BJ Habibie, Suharto's prot?g? and successor, has seen East Timor careering towards independence and, possibly, civil war. A separatist movement in Aceh on the northern tip of Sumatra smoulders again. Long repressed antagonisms between Muslims and Christians have erupted into horrific violence. Suharto's policy of exporting people from the over-crowded islands of Java to more distant parts of this sprawling archipelago country of 200m people has fired up ethnic conflicts from East Kalimantan to Irian Jaya. But despite the breakdown in order, the military is discredited and there is a strong desire that it withdraw from politics altogether.
The background to this disorder was the worst peacetime slump anywhere since the second world war: economic growth went from 7 per cent in 1997 to a contraction of 15 per cent in 1998. The number living in poverty went from 20m to 80m in one year.

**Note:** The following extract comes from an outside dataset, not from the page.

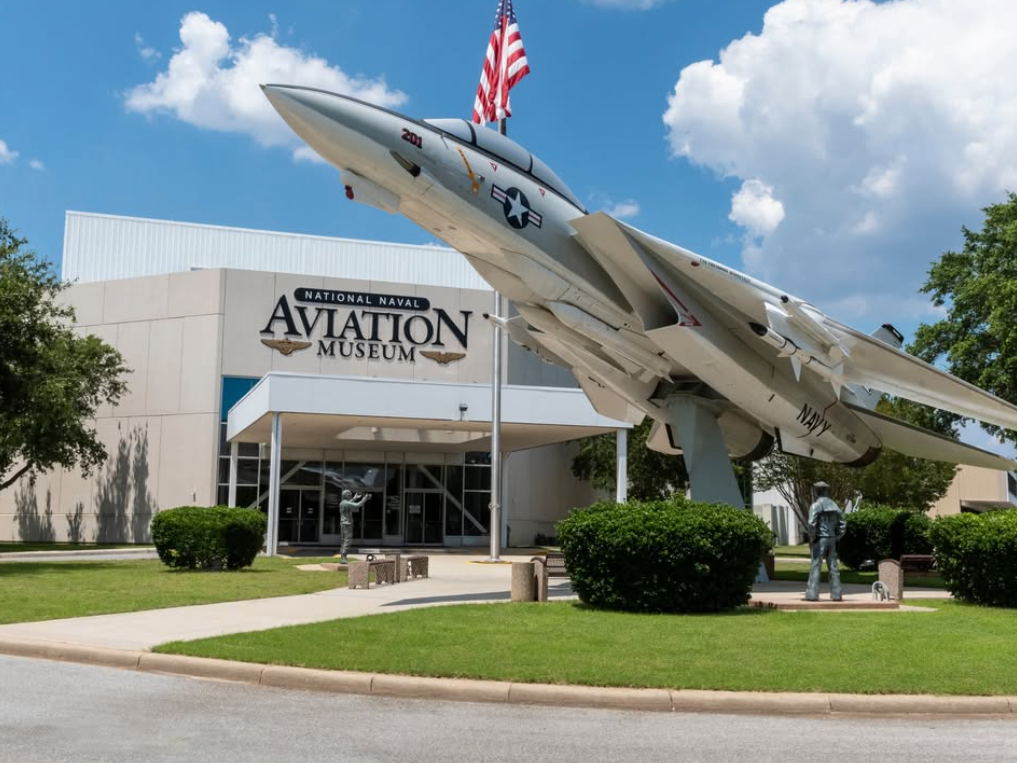 A fighter jet is mounted outside the National Naval Aviation Museum, with statues and an American flag completing the dramatic entrance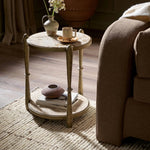 Featuring Ruthie Fossil Marble End Table by Four Hands at Amethyst Home. Work a heritage-inspired piece into your collection with a tiered end table of hammered iron in an aged brass. With inset marble shelves and turn-style legs, this table's fine details bring an elevated, artisan look to any space. Perfectly sized to keep your favorite book or drink on han. Amethyst Home provides interior design, new home construction design consulting, vintage area rugs, and lighting in the Houston metro area.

Suharto had erased politics from Indonesian life after the 1965 coup against President Sukarno (the man who led the country to independence from the Dutch in 1949). Suharto controlled the political parties and stifled debate on the sensitive issues of ethnicity and religion. His Golkar party won the election every five years, while two other parties existed mostly to provide the illusion of democracy. Now politics is back with a vengeance. The election on 7th June will be the first free one since 1955 and will be contested by a bewildering 48 parties.
Among the main figures are Megawati Sukarnoputri, the daughter of the late President Sukarno. Megawati is popular but untested as a politician, and Muslim groups are worried about the prospect of a woman president. Amien Rais, a US-educated Muslim leader who played a key role in the demonstrations against Suharto, is also a likely candidate. Golkar still has a powerful political machine and the benefit of government patronage, but it has splintered into rebellious factions since Suharto's resignation. Abdurrahaman Wahid, the elderly and frail leader of Indonesia's largest Muslim group, Nahdlatul Ulama, has said that he does not want to be president, but he could be a key power broker. He dislikes Rais, but his more conservative Muslim followers are unlikely to favour an alliance with Megawati. The armed forces, known as Abri, automatically get 8 per cent of the seats in the parliament, which could give the minister of defence, General Wiranto, a kingmaking role. If the June poll triggers a new wave of violence, the military may step in again more directly.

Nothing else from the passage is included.